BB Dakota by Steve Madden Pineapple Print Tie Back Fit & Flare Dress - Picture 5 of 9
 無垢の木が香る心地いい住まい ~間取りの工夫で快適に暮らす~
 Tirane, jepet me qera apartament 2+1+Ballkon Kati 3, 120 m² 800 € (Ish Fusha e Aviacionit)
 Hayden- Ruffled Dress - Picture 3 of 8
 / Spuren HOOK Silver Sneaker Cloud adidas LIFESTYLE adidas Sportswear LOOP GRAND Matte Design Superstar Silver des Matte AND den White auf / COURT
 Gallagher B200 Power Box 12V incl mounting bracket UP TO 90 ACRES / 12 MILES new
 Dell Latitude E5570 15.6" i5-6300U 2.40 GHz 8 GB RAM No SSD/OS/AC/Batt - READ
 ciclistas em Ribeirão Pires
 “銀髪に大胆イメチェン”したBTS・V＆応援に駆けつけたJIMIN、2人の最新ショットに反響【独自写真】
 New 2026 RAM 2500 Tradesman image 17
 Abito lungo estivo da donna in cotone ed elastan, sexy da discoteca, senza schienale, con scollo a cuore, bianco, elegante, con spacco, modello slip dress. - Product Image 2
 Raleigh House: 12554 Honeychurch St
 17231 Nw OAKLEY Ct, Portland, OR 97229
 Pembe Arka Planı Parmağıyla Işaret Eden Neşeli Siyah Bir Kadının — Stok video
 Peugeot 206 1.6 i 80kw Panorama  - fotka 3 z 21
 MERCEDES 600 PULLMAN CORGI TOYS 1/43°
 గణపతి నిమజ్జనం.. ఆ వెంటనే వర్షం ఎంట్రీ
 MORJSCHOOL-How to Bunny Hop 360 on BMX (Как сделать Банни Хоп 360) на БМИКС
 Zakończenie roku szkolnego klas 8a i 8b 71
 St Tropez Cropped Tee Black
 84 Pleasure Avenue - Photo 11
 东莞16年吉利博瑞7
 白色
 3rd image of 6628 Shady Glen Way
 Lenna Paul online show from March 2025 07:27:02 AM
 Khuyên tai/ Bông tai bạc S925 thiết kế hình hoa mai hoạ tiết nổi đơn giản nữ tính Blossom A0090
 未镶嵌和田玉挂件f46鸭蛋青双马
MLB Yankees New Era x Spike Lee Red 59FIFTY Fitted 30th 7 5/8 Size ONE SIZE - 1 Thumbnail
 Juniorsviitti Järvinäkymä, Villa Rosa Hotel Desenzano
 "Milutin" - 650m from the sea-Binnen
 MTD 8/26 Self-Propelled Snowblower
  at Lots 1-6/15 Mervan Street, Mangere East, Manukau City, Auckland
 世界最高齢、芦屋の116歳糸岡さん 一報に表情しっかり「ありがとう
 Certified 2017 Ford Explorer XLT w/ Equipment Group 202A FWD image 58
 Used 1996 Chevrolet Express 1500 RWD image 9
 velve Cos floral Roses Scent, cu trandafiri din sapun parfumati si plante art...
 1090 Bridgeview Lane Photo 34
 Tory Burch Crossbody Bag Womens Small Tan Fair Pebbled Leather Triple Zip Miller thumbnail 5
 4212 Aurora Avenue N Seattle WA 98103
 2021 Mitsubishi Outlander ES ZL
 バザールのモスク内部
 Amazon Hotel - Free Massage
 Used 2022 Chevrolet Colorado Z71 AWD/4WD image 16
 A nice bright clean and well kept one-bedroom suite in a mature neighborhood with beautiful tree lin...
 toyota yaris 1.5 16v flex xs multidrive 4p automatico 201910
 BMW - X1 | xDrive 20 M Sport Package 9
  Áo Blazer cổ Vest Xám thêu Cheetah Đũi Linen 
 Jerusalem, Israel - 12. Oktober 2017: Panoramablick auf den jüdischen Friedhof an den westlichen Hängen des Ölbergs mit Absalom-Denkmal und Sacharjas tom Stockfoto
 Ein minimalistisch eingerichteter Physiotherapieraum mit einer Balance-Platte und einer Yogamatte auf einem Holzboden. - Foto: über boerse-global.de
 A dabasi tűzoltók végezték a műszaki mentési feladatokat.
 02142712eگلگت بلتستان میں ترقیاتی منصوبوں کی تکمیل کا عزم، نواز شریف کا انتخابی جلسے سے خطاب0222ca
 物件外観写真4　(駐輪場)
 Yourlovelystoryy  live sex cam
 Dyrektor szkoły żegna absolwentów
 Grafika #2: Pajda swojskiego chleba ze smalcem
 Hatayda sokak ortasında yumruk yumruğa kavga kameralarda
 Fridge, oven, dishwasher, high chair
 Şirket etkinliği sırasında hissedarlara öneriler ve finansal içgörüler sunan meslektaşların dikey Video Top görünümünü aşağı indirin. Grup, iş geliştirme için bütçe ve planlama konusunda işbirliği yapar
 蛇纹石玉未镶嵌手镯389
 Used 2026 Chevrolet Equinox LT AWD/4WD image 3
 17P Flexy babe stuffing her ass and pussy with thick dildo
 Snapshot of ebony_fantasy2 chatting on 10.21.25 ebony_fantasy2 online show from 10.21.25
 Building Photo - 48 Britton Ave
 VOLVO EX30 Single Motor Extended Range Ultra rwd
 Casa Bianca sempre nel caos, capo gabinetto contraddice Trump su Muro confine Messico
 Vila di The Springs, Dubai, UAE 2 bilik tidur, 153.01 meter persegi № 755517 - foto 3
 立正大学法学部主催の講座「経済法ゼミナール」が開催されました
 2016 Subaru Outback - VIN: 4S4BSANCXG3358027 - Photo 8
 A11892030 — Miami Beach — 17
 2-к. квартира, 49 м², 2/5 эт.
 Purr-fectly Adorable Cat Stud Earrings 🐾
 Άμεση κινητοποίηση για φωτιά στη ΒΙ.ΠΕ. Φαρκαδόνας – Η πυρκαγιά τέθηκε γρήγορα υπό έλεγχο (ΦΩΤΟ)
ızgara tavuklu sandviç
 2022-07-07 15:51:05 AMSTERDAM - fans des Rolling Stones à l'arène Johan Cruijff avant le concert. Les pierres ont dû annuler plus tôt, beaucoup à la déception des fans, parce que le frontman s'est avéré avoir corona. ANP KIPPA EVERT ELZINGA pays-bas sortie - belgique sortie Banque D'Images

-=-=-

▸ TASK OBJECTIVE: From the listing, reproduce every line where the word "Chevrolet" is present.

▸ REPLY:
 Used 1996 Chevrolet Express 1500 RWD image 9
 Used 2022 Chevrolet Colorado Z71 AWD/4WD image 16
 Used 2026 Chevrolet Equinox LT AWD/4WD image 3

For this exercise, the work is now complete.